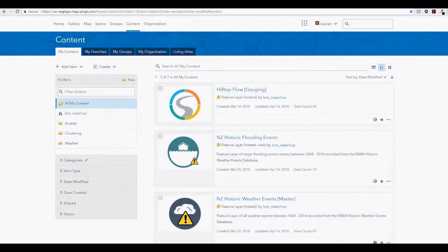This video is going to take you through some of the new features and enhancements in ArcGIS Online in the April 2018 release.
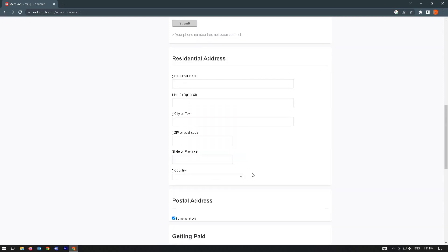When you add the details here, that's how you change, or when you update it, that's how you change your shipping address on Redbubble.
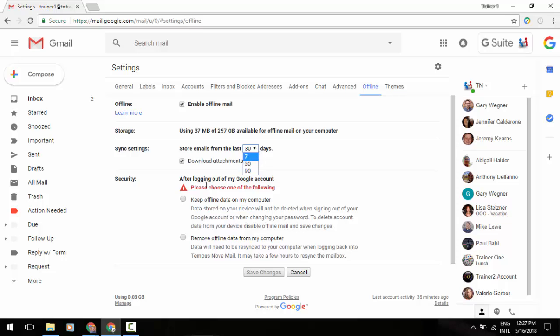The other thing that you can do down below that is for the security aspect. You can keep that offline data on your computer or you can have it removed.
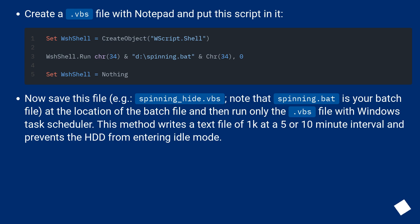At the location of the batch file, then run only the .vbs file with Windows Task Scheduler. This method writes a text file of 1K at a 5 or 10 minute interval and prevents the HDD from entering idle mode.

[Aim of the task] Every line from the one with "When you add" through the last line of the data must be copied exactly. Leave the pictures out.

[Answer to the problem]
When you add the details here, that's how you change, or when you update it, that's how you change your shipping address on Redbubble.
The other thing that you can do down below that is for the security aspect. You can keep that offline data on your computer or you can have it removed.
At the location of the batch file, then run only the .vbs file with Windows Task Scheduler. This method writes a text file of 1K at a 5 or 10 minute interval and prevents the HDD from entering idle mode.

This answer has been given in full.